● **What to produce**
Write out every entry precisely as given, leaving the pictures out.

● **Material supplied**
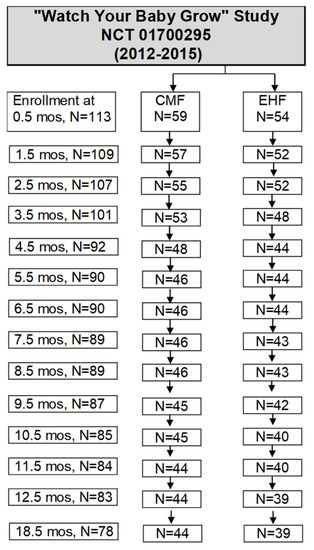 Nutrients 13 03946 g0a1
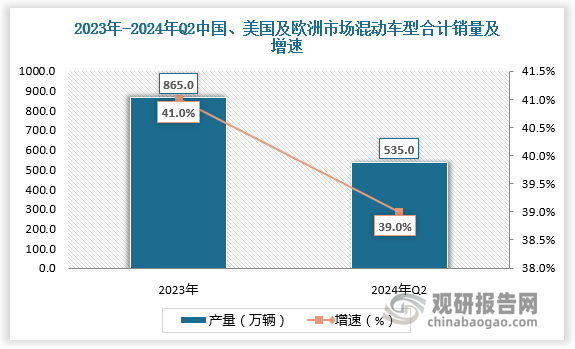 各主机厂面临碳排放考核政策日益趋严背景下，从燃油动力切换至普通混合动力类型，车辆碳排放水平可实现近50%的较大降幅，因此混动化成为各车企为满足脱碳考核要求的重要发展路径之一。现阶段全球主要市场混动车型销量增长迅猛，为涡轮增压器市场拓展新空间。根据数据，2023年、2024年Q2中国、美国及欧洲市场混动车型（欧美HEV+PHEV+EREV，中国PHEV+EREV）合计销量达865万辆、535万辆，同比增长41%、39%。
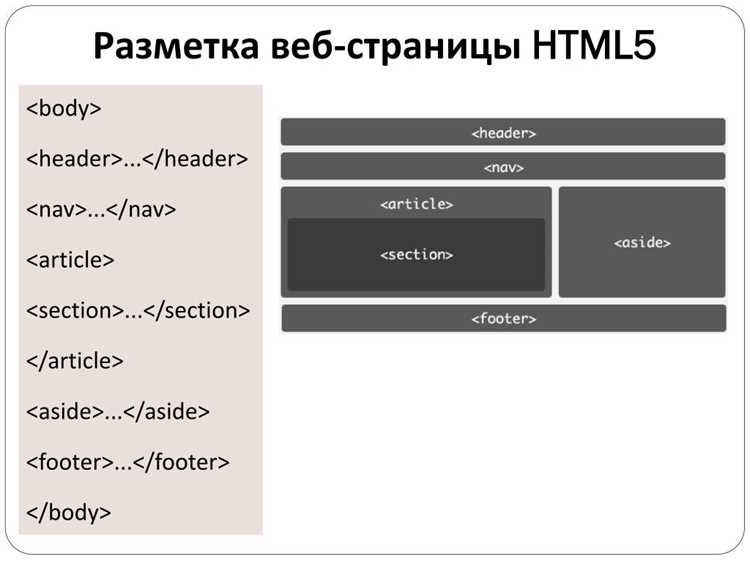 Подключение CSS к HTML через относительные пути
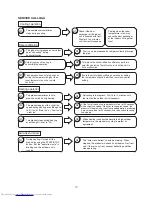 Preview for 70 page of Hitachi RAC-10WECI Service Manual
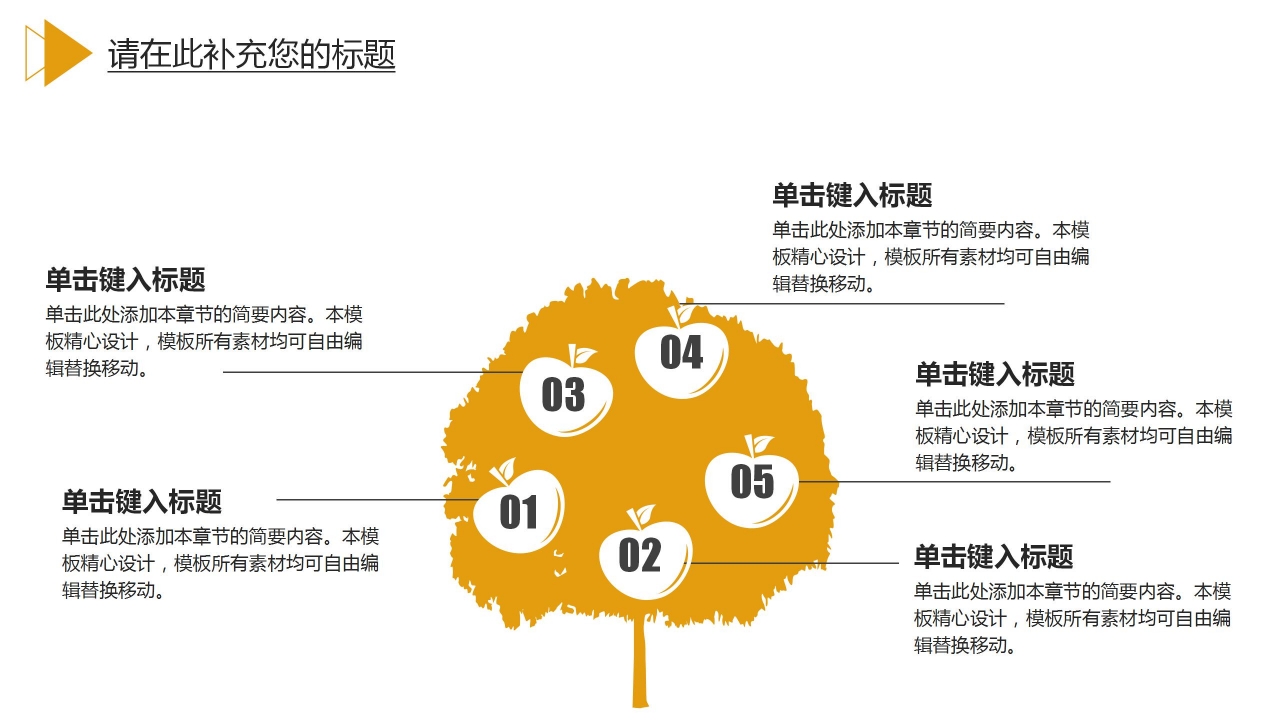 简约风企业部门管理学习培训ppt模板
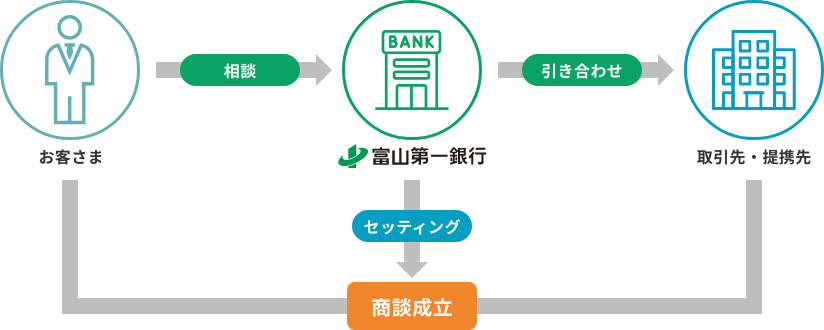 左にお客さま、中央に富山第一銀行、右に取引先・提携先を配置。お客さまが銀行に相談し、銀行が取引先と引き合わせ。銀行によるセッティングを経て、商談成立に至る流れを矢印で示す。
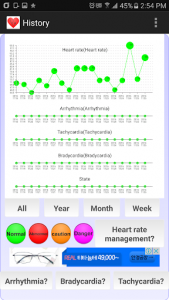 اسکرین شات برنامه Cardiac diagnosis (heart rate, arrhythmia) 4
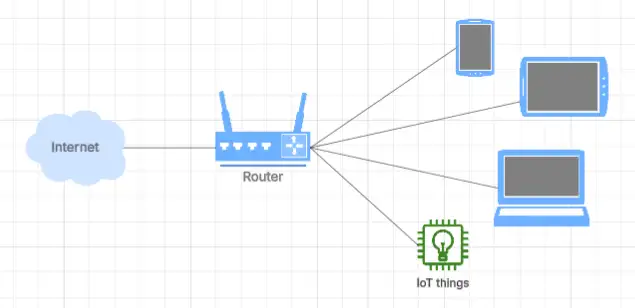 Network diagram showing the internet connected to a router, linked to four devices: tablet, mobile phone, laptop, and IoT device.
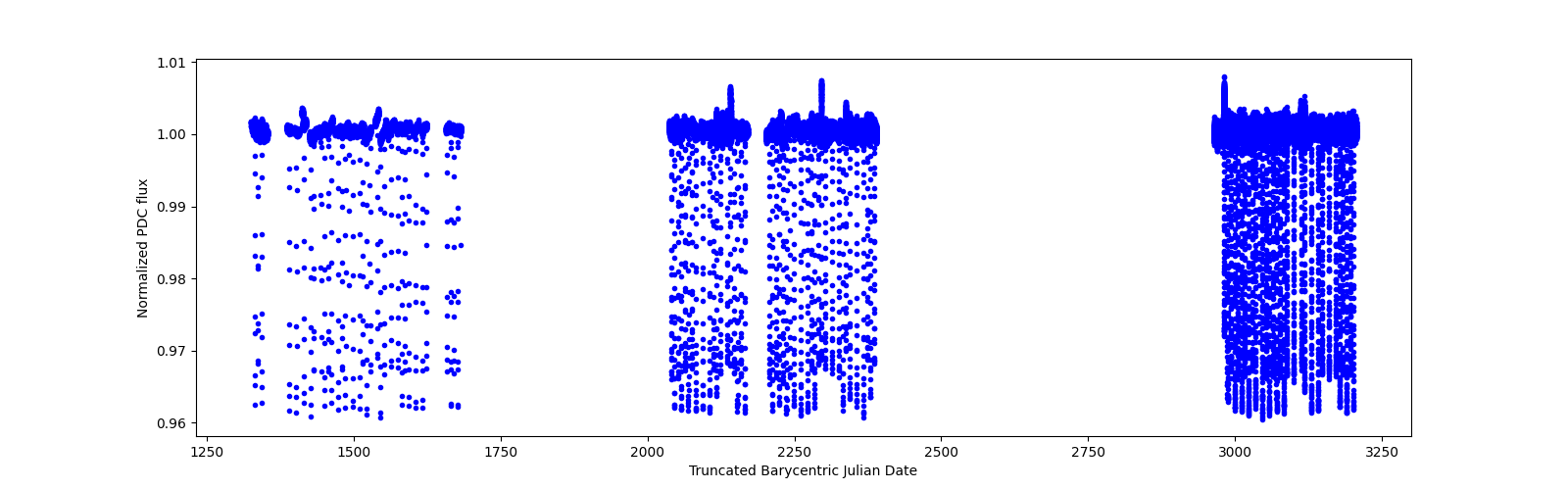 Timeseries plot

● **Your solution**
 Nutrients 13 03946 g0a1
 各主机厂面临碳排放考核政策日益趋严背景下，从燃油动力切换至普通混合动力类型，车辆碳排放水平可实现近50%的较大降幅，因此混动化成为各车企为满足脱碳考核要求的重要发展路径之一。现阶段全球主要市场混动车型销量增长迅猛，为涡轮增压器市场拓展新空间。根据数据，2023年、2024年Q2中国、美国及欧洲市场混动车型（欧美HEV+PHEV+EREV，中国PHEV+EREV）合计销量达865万辆、535万辆，同比增长41%、39%。
 Подключение CSS к HTML через относительные пути
 Preview for 70 page of Hitachi RAC-10WECI Service Manual
 简约风企业部门管理学习培训ppt模板
 左にお客さま、中央に富山第一銀行、右に取引先・提携先を配置。お客さまが銀行に相談し、銀行が取引先と引き合わせ。銀行によるセッティングを経て、商談成立に至る流れを矢印で示す。
 اسکرین شات برنامه Cardiac diagnosis (heart rate, arrhythmia) 4
 Network diagram showing the internet connected to a router, linked to four devices: tablet, mobile phone, laptop, and IoT device.
 Timeseries plot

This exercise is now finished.